Our civilization rightly values productivity. For most of us, the emphasis on purposeful activity resides deep in our psyche. But not all activity is equally productive, even when intended to be so. Some activity is more creative and some is more effective. The creativity and effectiveness emanate from stillness and manifest in activity. Thus, it behooves us, for these and other reasons, to cultivate stillness, including the stillness within activity.

That outer stillness and the inner stillness, the outer silence and the inner silence are all one and the same. In stillness, the distinction between outside and inside, between external and internal, evaporates. Beneath everything, there is stillness. And in that stillness, we are not taken by this or that, we are not defined by this or that. Thus, we can be. We can be ourselves. We can be who we truly are.

Though stillness and the practice of it are not confined to the meditation cushion, that is the best place to acquire the taste of stillness, to learn the way into it and how to abide there.
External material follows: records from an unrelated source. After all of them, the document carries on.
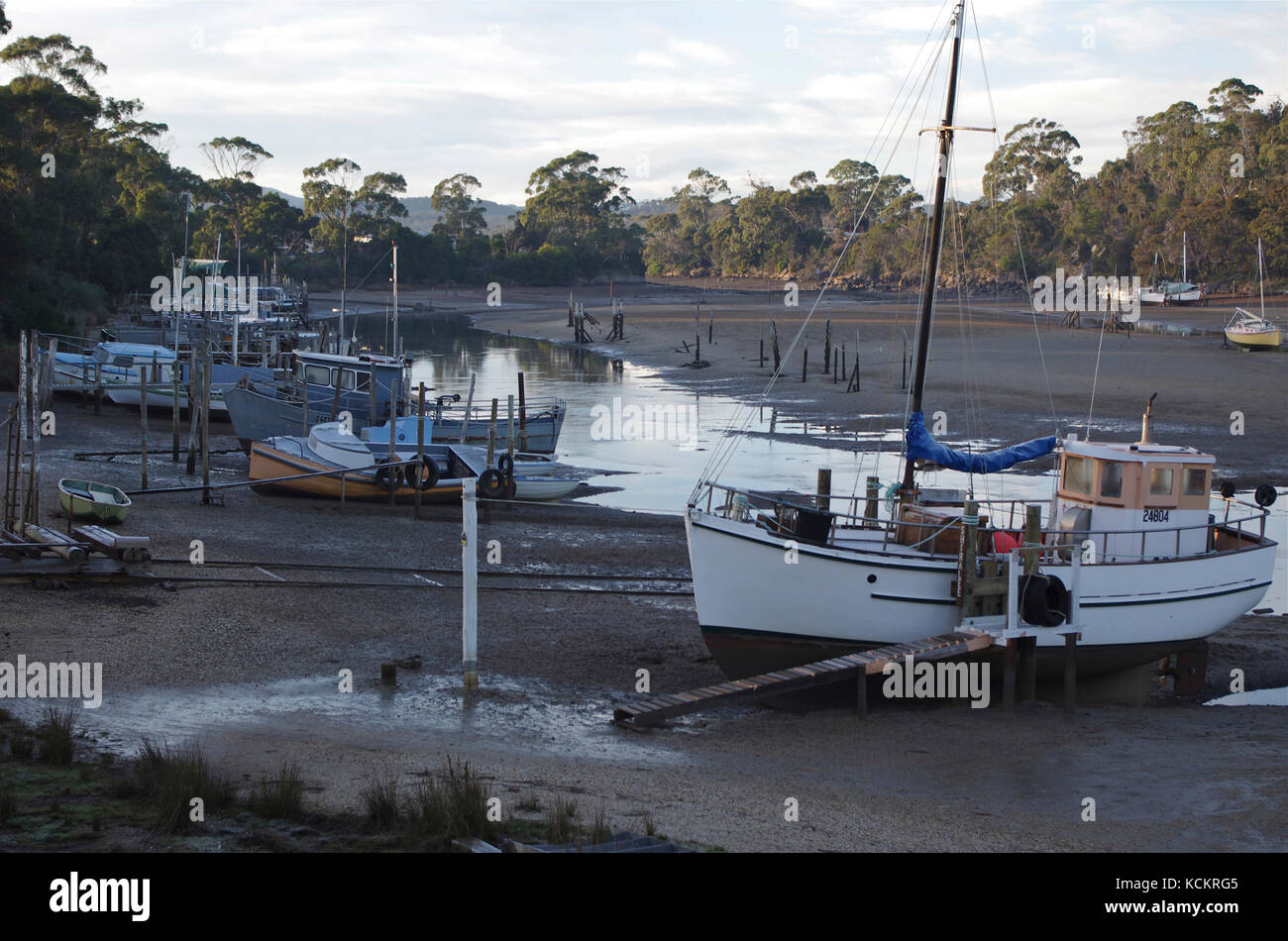 Panatana Rivulet, également connu sous le nom de Muddy Creek, à marée basse, un site populaire d'amarrage de petits bateaux. Port Sorell, nord-ouest de la Tasmanie, Australie Banque D'Images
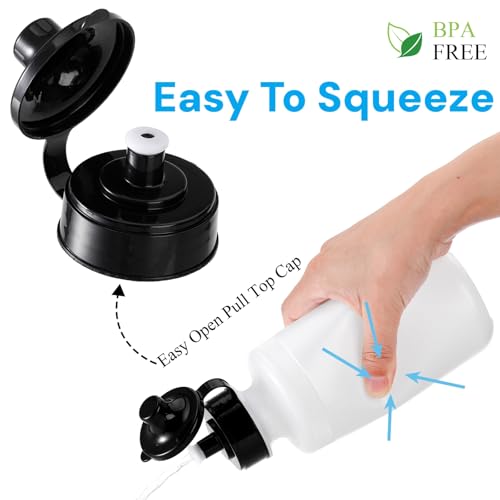 SOUJOY 10 Pack Sports Water Bottle, 21oz Plastic Squeeze Bottle with Easy Open Push/Pull Cap, BPA Free Reusable Team Water Bottle for Fitness, Gifts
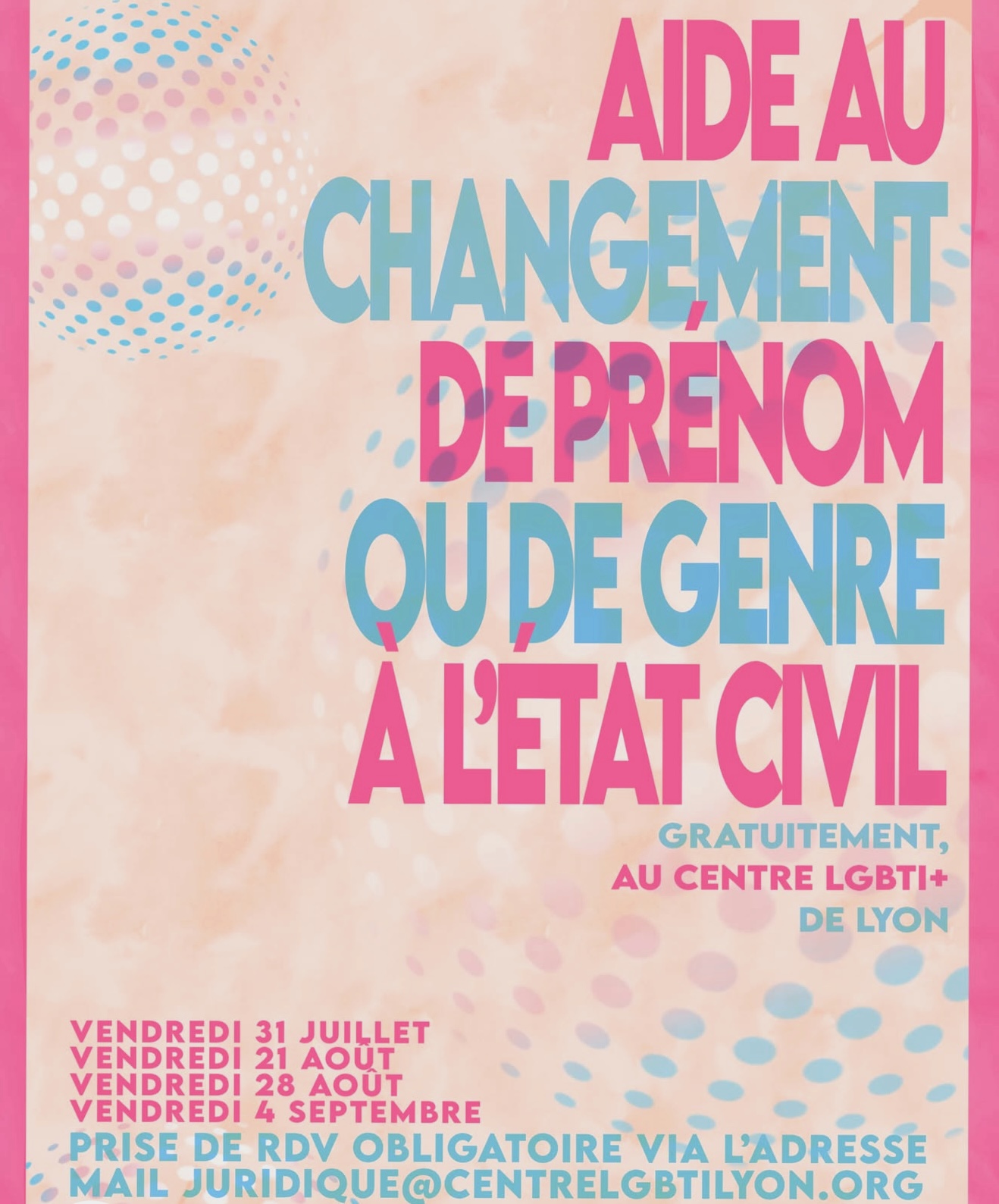 Aide au changement de prénom ou de genre à l'Etat Civil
When we sit quietly, we notice thoughts and images coursing through our mind. At first it seems those thoughts and images are our mind, define our mind. But if we continue sitting in our body and simply watch our mind, the thoughts and images will slow down and become quieter. As that happens, we notice gaps between thoughts, seemingly insignificant gaps of nothing, gaps of stillness. Persisting, we notice that the stillness resides not only between our thoughts, but also beneath them. Even as a thought passes through our mind, the stillness remains. If we, if our attention stays in contact with the stillness, then the thoughts do not obscure, do not hide the stillness. They coexist. We coexist. We are in the stillness and in our thoughts. We are whole.

In the midst of activity, we recall the stillness behind our thoughts. And there it is, even now as move about our day, as we speak and eat and run and clean. We open ourselves to include that undertone of stillness, to reside in it. And because our thoughts no longer take us away, the stillness enables us to be even more fully in the activity, enriching all that we do. Bringing eternity into time, we are whole.

Back on the meditation cushion, we enter the stillness more deeply. We discover it is the shoreline of the spirit, the gateway to the Sacred. The fullness of being is there. The silent voice of conscience is there. The boundless heart of compassion is there. We are there.

For this week, please abide in stillness.